NESA wants you to classify the six main types of pathogen, describe a defining structural feature of each, and give at least one named example of a disease they cause in plants or animals. This is foundational content that appears in multiple choice every year and underpins almost every Module 7 extended response.

The answer

A pathogen is any biological agent that causes disease in a host. Pathogens fall into six categories: prions, viruses, bacteria, protozoa, fungi and macroparasites.

Prions

Structure. Misfolded proteins. No nucleic acid, no cell structure.

Mechanism. A prion induces normal cellular proteins (often PrP in nervous tissue) to misfold into the same abnormal shape, creating aggregates that destroy brain tissue.

Example. Bovine spongiform encephalopathy (BSE, "mad cow disease") and the human variant Creutzfeldt-Jakob disease.

Viruses

Structure. Acellular particles. Nucleic acid (DNA or RNA) enclosed in a protein capsid, sometimes with a lipid envelope. Not considered living.

Mechanism. Cannot replicate independently. Inject genetic material into a host cell and hijack the host's machinery to produce new viral particles.

Examples. Influenza A (RNA virus, respiratory), HIV (retrovirus, immune cells), tobacco mosaic virus (plant pathogen affecting tomato and tobacco leaves).

Bacteria

Structure. Prokaryotic single-celled organisms. Cell wall (peptidoglycan), plasma membrane, cytoplasm, 70S ribosomes, circular DNA, often with plasmids. No nucleus.

Mechanism. Cause disease by producing toxins (e.g. Clostridium tetani releases tetanospasmin) or by colonising and damaging host tissue.

Examples. Mycobacterium tuberculosis (tuberculosis), Vibrio cholerae (cholera), Agrobacterium tumefaciens (crown gall in plants).

Protozoa

Structure. Single-celled eukaryotes. Have a nucleus, membrane-bound organelles and often complex life cycles.

Mechanism. Often transmitted by vectors. Invade specific tissues and reproduce inside host cells.

Examples. Plasmodium falciparum (malaria, transmitted by Anopheles mosquito), Trypanosoma brucei (African sleeping sickness, tsetse fly).

Fungi

Structure. Eukaryotic, either unicellular (yeasts) or multicellular (moulds with hyphae). Cell walls made of chitin.

Mechanism. Often opportunistic, infecting compromised tissue or hosts. Spread by spores.

Examples. Tinea pedis (athlete's foot in humans), Candida albicans (thrush), Puccinia graminis (wheat stem rust, a major plant pathogen).

Macroparasites

Structure. Multicellular eukaryotic organisms, often with complex life cycles. Includes helminths (worms) and ectoparasites (fleas, ticks).
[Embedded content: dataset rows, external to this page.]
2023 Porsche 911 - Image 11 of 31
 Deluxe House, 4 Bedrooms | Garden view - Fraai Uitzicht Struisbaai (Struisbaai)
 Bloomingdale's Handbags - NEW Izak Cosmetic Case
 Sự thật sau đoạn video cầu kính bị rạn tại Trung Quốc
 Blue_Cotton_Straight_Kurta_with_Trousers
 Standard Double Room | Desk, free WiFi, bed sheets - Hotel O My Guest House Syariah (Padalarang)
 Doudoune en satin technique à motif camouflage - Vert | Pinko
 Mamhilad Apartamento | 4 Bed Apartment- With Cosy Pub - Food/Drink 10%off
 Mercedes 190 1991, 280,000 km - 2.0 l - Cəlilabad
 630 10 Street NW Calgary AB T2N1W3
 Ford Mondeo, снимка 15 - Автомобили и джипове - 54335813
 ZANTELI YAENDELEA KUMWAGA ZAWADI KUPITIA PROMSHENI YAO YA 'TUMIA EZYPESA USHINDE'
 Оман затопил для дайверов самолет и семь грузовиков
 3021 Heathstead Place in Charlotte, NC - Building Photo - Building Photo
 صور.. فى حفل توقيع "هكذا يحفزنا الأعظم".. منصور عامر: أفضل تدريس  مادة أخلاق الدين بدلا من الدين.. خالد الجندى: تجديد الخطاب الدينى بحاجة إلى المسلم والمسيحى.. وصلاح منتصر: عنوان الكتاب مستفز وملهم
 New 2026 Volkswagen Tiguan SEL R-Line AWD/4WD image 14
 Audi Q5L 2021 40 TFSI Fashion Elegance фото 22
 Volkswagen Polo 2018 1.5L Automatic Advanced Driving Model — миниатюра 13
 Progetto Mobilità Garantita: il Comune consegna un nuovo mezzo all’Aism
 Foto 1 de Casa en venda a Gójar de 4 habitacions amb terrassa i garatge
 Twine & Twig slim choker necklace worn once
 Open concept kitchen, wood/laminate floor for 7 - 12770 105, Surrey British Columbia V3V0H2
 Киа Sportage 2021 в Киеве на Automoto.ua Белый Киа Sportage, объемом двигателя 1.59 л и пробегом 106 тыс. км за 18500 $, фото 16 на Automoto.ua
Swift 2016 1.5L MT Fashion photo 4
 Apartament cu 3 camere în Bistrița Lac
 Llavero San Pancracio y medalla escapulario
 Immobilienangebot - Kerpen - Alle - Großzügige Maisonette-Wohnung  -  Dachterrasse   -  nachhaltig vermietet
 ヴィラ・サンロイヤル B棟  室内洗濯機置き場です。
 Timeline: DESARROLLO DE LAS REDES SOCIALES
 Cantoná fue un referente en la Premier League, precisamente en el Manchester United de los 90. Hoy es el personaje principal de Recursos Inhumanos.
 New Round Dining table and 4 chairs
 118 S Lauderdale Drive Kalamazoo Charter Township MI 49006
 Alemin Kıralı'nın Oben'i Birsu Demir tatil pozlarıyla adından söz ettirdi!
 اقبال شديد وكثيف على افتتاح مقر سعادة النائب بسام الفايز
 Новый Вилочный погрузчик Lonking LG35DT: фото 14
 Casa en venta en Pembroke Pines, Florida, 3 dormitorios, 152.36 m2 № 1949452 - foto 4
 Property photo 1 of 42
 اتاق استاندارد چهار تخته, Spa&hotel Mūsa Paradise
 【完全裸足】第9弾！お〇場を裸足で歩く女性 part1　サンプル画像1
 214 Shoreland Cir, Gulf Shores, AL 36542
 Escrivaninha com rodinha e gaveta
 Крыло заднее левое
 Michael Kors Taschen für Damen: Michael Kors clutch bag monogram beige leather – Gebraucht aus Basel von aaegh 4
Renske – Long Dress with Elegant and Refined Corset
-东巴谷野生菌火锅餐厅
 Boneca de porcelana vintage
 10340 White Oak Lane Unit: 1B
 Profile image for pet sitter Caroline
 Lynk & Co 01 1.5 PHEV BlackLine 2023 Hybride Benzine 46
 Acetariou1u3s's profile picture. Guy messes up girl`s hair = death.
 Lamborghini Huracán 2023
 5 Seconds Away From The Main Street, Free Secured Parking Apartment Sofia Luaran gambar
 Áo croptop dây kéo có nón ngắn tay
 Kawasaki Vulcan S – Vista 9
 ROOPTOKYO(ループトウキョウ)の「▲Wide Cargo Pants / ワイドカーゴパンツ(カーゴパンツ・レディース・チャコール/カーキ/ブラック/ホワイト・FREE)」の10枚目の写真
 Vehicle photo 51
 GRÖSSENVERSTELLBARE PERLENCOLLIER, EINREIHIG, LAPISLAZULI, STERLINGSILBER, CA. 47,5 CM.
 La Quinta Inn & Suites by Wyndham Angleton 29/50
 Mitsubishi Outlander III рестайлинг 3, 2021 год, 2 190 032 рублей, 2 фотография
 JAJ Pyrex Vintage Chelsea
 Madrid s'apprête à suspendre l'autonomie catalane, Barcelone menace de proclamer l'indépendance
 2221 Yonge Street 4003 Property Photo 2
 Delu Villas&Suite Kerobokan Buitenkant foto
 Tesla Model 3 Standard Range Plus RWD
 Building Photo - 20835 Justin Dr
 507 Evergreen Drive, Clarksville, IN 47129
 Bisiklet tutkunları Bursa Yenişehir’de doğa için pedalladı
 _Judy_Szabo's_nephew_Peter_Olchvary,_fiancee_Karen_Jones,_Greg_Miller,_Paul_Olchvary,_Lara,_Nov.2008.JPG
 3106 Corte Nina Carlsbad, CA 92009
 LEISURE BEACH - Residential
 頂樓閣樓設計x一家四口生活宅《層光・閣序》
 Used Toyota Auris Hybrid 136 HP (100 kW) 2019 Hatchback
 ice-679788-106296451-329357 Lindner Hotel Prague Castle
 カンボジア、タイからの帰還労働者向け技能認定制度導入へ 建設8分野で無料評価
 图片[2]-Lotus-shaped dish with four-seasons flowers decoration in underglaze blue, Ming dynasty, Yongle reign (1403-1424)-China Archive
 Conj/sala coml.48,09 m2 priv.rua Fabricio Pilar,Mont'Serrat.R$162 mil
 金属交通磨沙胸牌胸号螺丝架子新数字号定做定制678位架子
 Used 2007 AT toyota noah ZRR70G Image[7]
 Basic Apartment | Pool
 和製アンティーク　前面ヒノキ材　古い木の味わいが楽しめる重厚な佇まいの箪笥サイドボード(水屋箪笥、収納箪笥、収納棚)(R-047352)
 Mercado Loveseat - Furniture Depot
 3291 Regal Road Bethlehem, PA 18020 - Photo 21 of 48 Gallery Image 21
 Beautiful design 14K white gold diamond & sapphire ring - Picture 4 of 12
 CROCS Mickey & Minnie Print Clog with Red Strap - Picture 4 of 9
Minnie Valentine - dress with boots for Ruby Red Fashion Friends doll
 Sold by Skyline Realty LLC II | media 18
Mechanism. Live in or on the host, drawing nutrients and causing tissue damage, blood loss or immune dysfunction.

Examples. Taenia solium (pork tapeworm), Schistosoma mansoni (blood fluke causing schistosomiasis), Phytophthora infestans (a protist-like macroparasite causing potato blight).

Worked example

A patient presents with a high fever, cyclical chills and red blood cell destruction after returning from sub-Saharan Africa. Blood smear shows ring-shaped organisms inside red blood cells.

Classification. The pathogen is a protozoan, specifically Plasmodium falciparum.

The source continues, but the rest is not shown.